My senior year in college, I took a Fantasty Lit class, in which we studied classic children’s fantasy novels from a smarty-pants lit perspective. We read 3 or 4 Harry Potters, 3 Narnia books and a couple from the Wizard of Oz series. I loved that class — I loved diving into these books that I’d read so many times before, and discovering how much they taught children about the world, and all the meaning hidden within them. I really hope that professor still teaches that class, and I hope that she’s heard of the Chaos Walking series, because it would be absolutely perfect for that sort of curriculum. There’s just so…much…in it.
“If you ever see a war,” she says, not looking up from her clipboard, “you’ll learn that war only destroys. No one escapes from a war. No one.

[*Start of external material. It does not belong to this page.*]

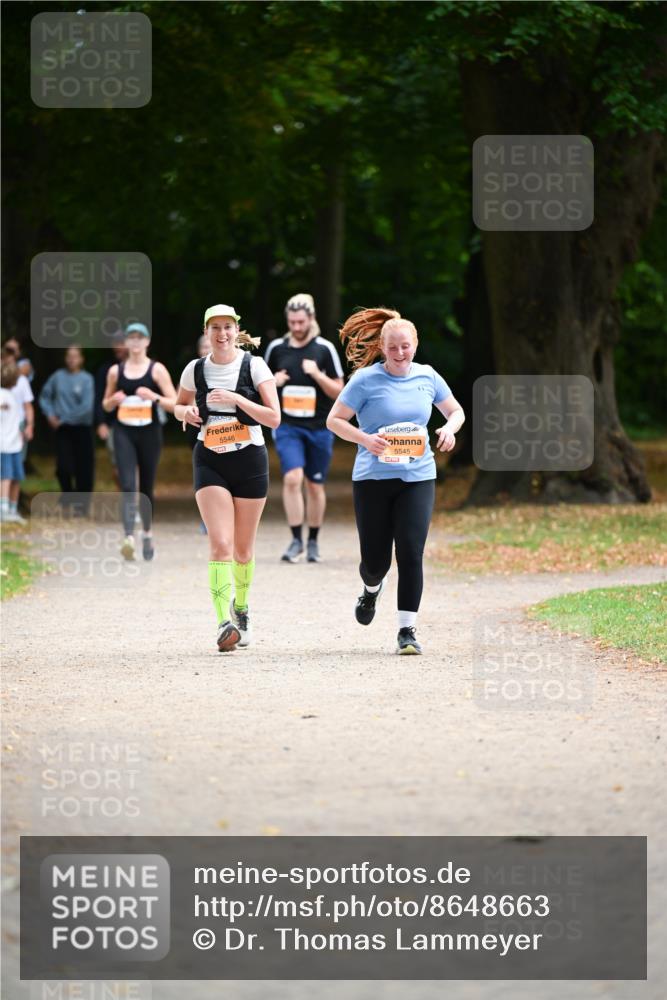 31.08.2025 - 21. Blankeneser Heldenlauf Dr. Thomas Lammeyer http://msf.ph/oto/8648663 31.08.2025 11:25:05 Laufen 5546, 5545 meine-sportfotos.de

Not even the survivors.”
Todd & Viola have finally made it to Haven, only to discover that Mayor Prentiss (now calling himself President) has taken it over without his army even arriving yet — the former Mayor surrendered the town without a fight in attempt to keep his population safe. Viola, who was shot right at the end of the first book, gets whisked away to healers while Todd agrees to do anything that the Mayor asks, in order to ensure her safety. They end up spending most of the novel apart, which allows up a new viewpoint — Viola narrates about half of the story. They quickly learn how things go in New Prentisstown, as the Mayor has renamed Haven. Todd and the Mayor’s son Davy get sent to deal with a population of Spackle that have been enslaved by the army. Viola ends up with a group of healers (all women) who have quietly begun a rebellion against the Mayor’s many rules and restrictions. Throughout it all, the people of the town know that new settlers will be arriving in a matter of weeks.

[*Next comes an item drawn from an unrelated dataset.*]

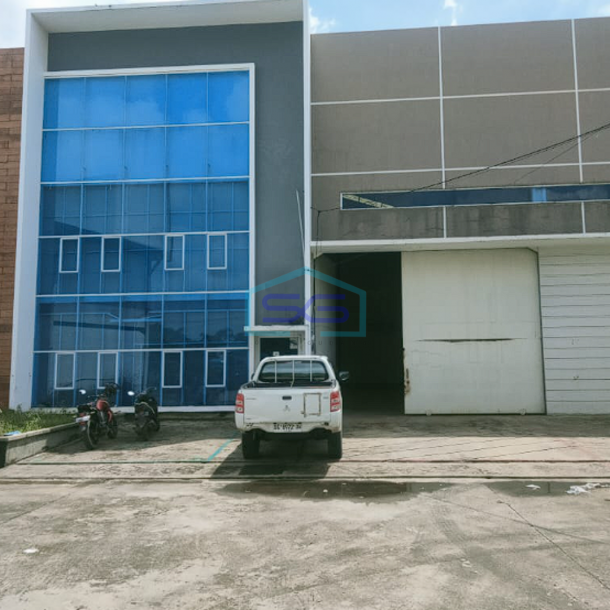 Disewakan Gudang Siap Pakai di Komplek Cosmo Bizland Alang Alang Lebar Palembang LT 1000m2-1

The parallels to World War II cannot be missed. The way the Mayor isolates the women and Spackle, turning the men against them in different ways. He forces Todd and Davy to brand the Spackle with numbers, and monitor their work in a slave camp, filled with Spackle families. The Mayor separates the men and women, enforces curfews and rationing. The Mayor uses his powerful Noise to hold rallies and meetings in which he slanders the women and riles up the men. Meanwhile, his army rules the town however the hell they want — including torturing women for information. Todd learns a lesson about appeasement — both by observing the former Mayor’s actions, and through his own actions — which he justifies to himself because he believes it will keep Viola safe. It’s a very well-written book — written in language that anyone can understand — that addresses some serious moral issues. And the plot grabs you and won’t let go — I finished this one and immediately started the third.